§ Problem to solve
The range to repeat runs from the line with "Full length of young woman playing violin" to the last line below, both ends included; give it exactly and without pictures.

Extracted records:
* * *

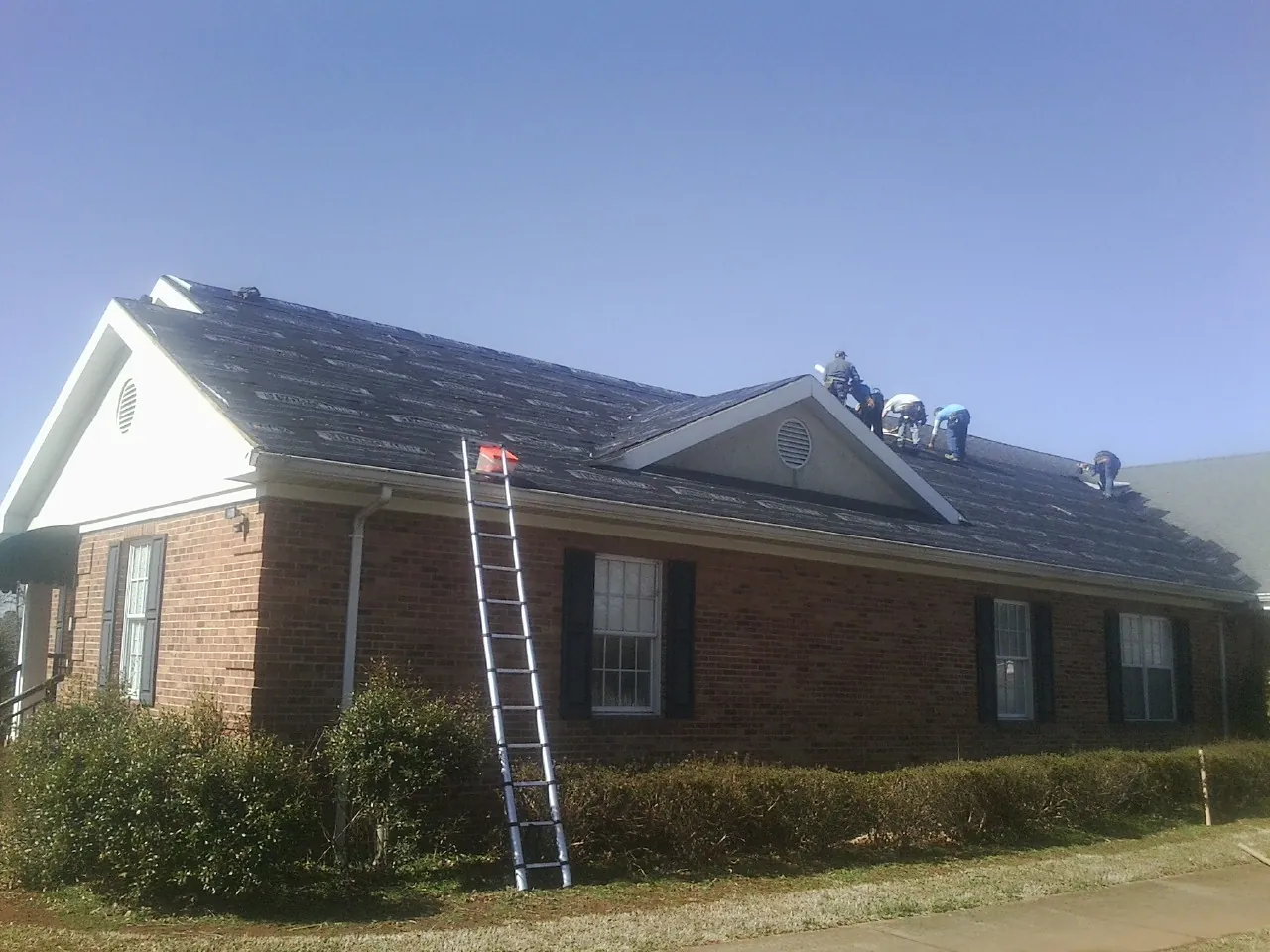 Crew tearing shingles off a brick ranch roof with a ladder set — Metal Roof Repair work by our crew in Ringwood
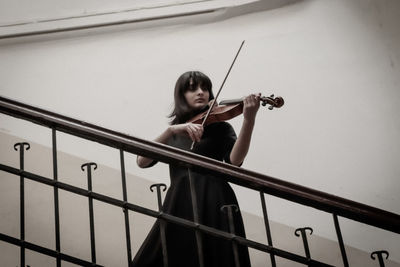 Full length of young woman playing violin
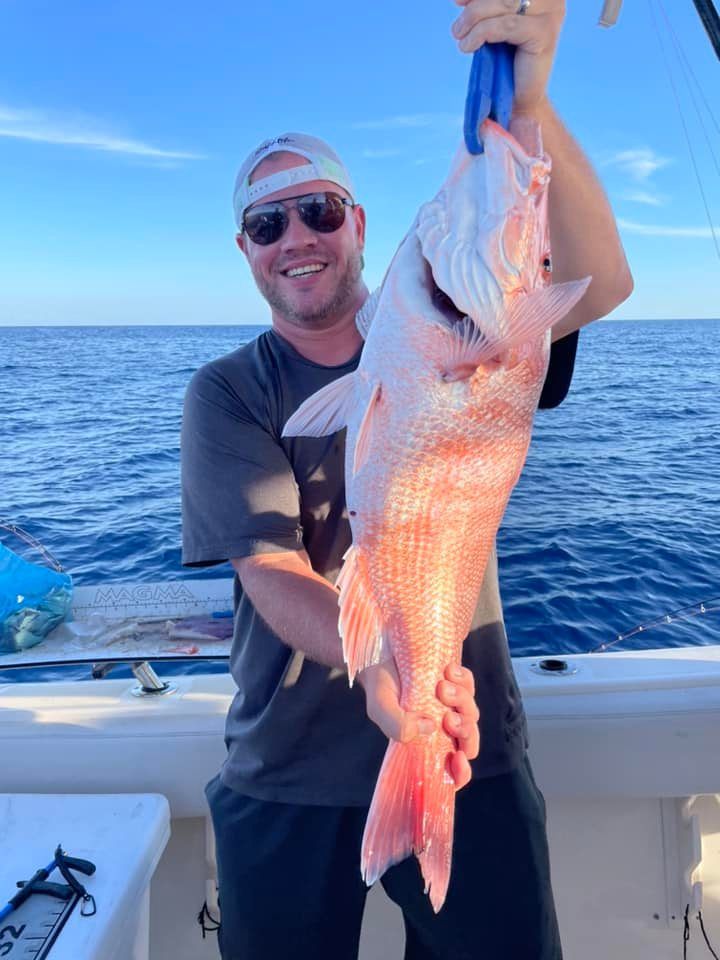 Angler with big 30-inch fish in FL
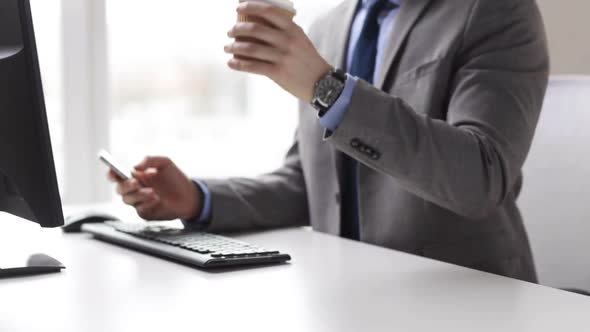 Close Up Of Businessman With Smartphone And Coffee 3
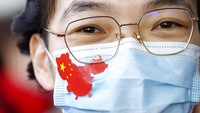 Seorang wanita memakai masker  berlambang peta negara China.
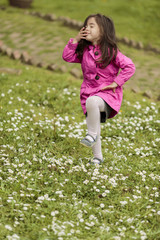 Canvas Print - Little girl at the spring field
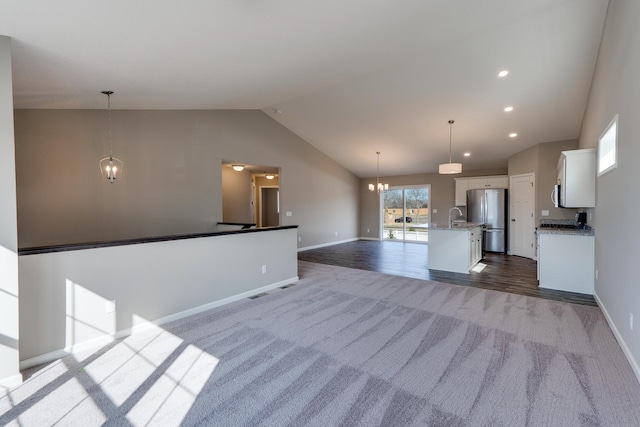 625 47th Ave NE, Saint Cloud, MN 56304 - unfurnished living room featuring a chandelier, dark colored carpet, lofted ceiling, and recessed lighting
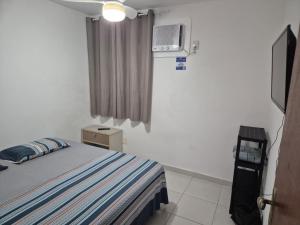 Postel nebo postele na pokoji v ubytování Sossai Hostel Flats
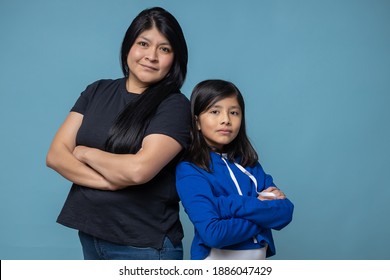 mexican mother and daughter arms crossed, girl power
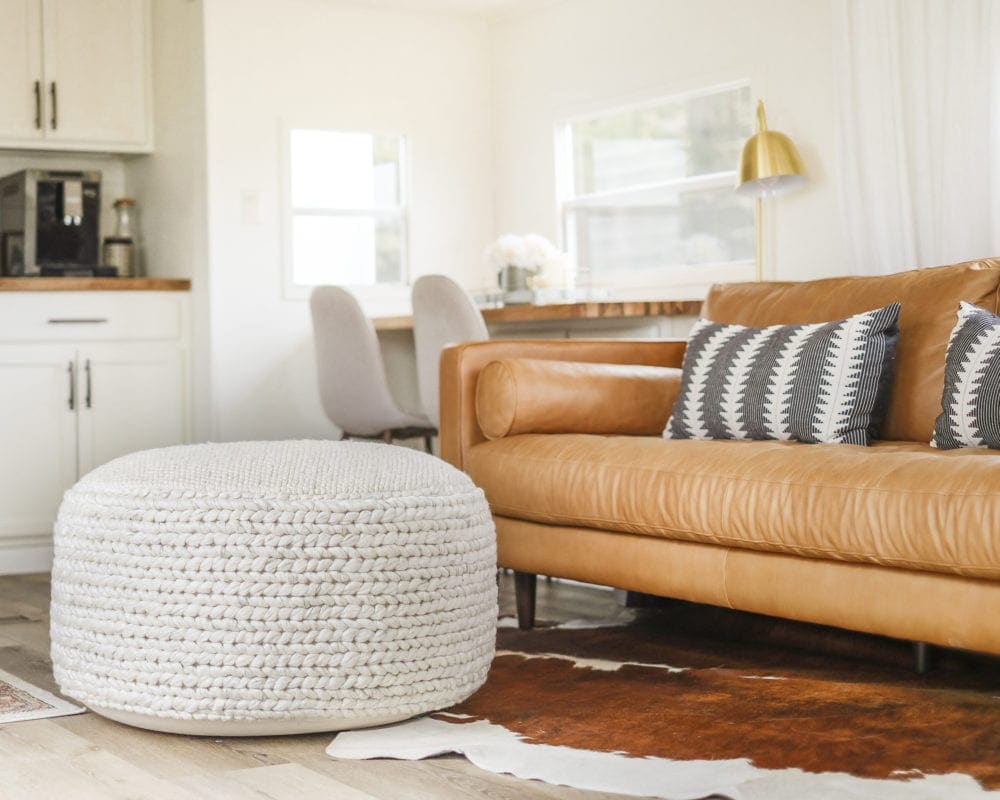 Large pouf for living room in front of a leather sofa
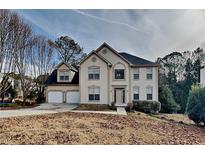 Two-story house with attached two-car garage and manicured lawn at 10845 Grenadier Ln, Alpharetta, GA 30022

* * *

§ Written answer
 Full length of young woman playing violin
 Angler with big 30-inch fish in FL
 Close Up Of Businessman With Smartphone And Coffee 3
 Seorang wanita memakai masker  berlambang peta negara China.
 Canvas Print - Little girl at the spring field
 625 47th Ave NE, Saint Cloud, MN 56304 - unfurnished living room featuring a chandelier, dark colored carpet, lofted ceiling, and recessed lighting
 Postel nebo postele na pokoji v ubytování Sossai Hostel Flats
 mexican mother and daughter arms crossed, girl power
 Large pouf for living room in front of a leather sofa
 Two-story house with attached two-car garage and manicured lawn at 10845 Grenadier Ln, Alpharetta, GA 30022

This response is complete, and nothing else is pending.